Higher derivatives are also called repeated derivatives or iterated derivatives.

Function and prime notation

Suppose ${\displaystyle f}$ is a function and ${\displaystyle k}$ is a nonnegative integer. The ${\displaystyle k^{th}}$ derivative of ${\displaystyle f}$, denoted ${\displaystyle f^{(k)}}$ or ${\displaystyle f^{'''\dots '}}$ where ${\displaystyle {}^{'}}$ occurs a total of ${\displaystyle k}$ times, is defined as the function obtained by differentiating ${\displaystyle f}$ a total of ${\displaystyle k}$ times (i.e., taking the derivative, then taking the derivative of that, and so on, a total of ${\displaystyle k}$ times).
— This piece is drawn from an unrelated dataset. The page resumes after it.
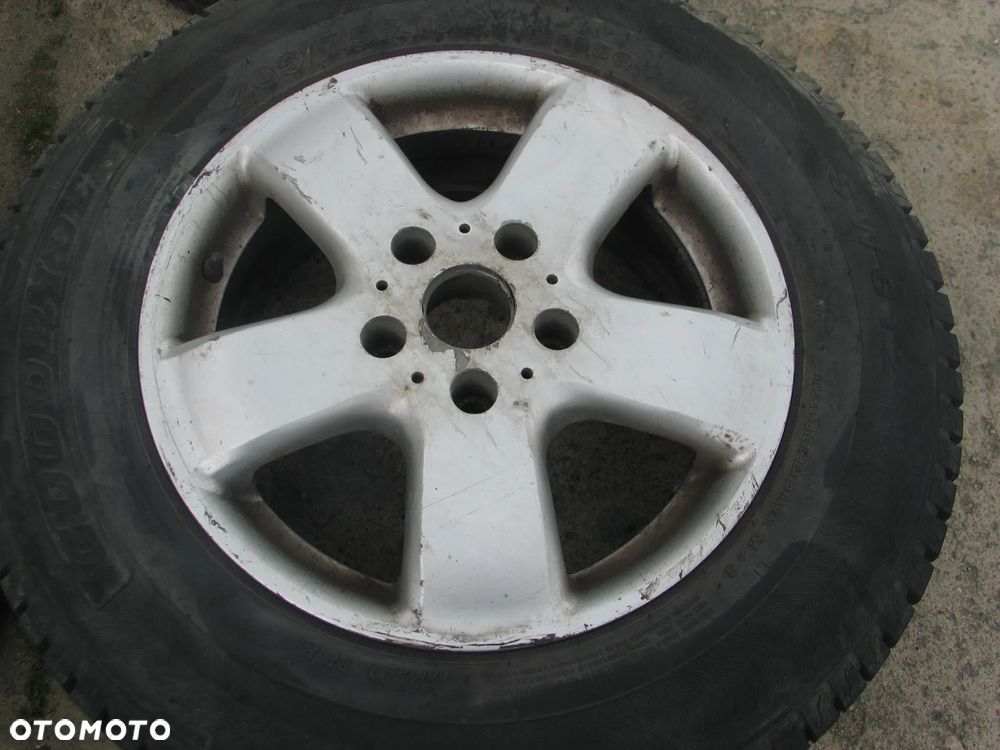 felgi aluminiowe felga kola fiat ducato 02-06r. 5X118 - 7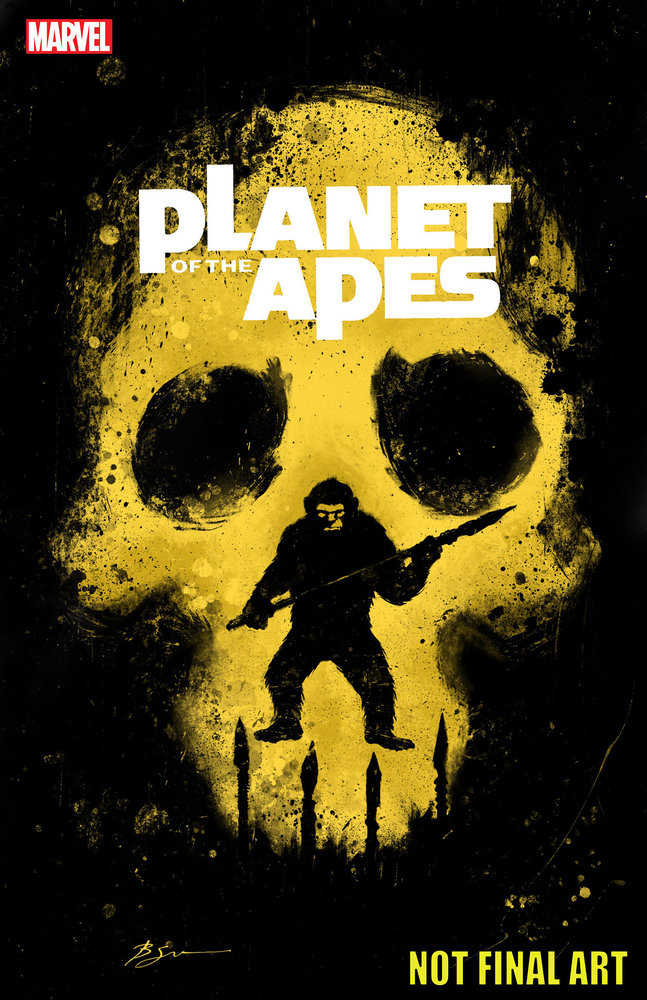 Planet Of The Apes 3 Ben Su Variant | Odin's Place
The first few cases are shown explicitly:

Value of ${\displaystyle k}$	Notation with repeated primes for ${\displaystyle f^{(k)}}$	${\displaystyle f^{(k)}}$ notation	Definition	In words
0	${\displaystyle \!f}$	${\displaystyle \!f^{(0)}}$	${\displaystyle \!f}$	the original function
1	${\displaystyle \!f'}$	${\displaystyle \!f^{(1)}}$	${\displaystyle \!f'}$	the derivative, also called the first derivative
2	${\displaystyle \!f''}$	${\displaystyle \!f^{(2)}}$	${\displaystyle \!(f')^{'}}$	the second derivative
3	${\displaystyle \!f'''}$	${\displaystyle \!f^{(3)}}$	${\displaystyle \!((f')^{'})^{'}}$	the third derivative

We could also define the ${\displaystyle k^{th}}$ derivative inductively as:

${\displaystyle \!f^{(k)}=(f^{(k-1)})^{'}}$

or as:

${\displaystyle \!f^{(k)}=(f')^{(k-1)}}$

with the base case ${\displaystyle f^{(0)}=f}$.

Leibniz notation

Suppose ${\displaystyle y=f(x)}$, so ${\displaystyle y}$ is a dependent variable depending on ${\displaystyle x}$, the independent variable. The ${\displaystyle k^{th}}$ derivative of ${\displaystyle y}$ with respect to ${\displaystyle x}$ is denoted:

${\displaystyle \!{\frac {d^{k}}{(dx)^{k}}}y}$

or as:

${\displaystyle \!{\frac {d^{k}y}{dx^{k}}}}$

and is defined as:

${\displaystyle \!{\frac {d^{k}y}{dx^{k}}}={\frac {d}{dx}}\left[{\frac {d}{dx}}\left[\dots \left[{\frac {d}{dx}}(y)\right]\dots \right]\right]}$

where the ${\displaystyle d/dx}$ occurs ${\displaystyle k}$ times. Alternatively we can define it inductively as:

${\displaystyle \!{\frac {d^{k}y}{dx^{k}}}={\frac {d}{dx}}{\frac {d^{k-1}y}{dx^{k-1}}}}$

with the base case ${\displaystyle k=0}$ being defined as ${\displaystyle {\frac {d^{0}y}{dx^{0}}}=y}$.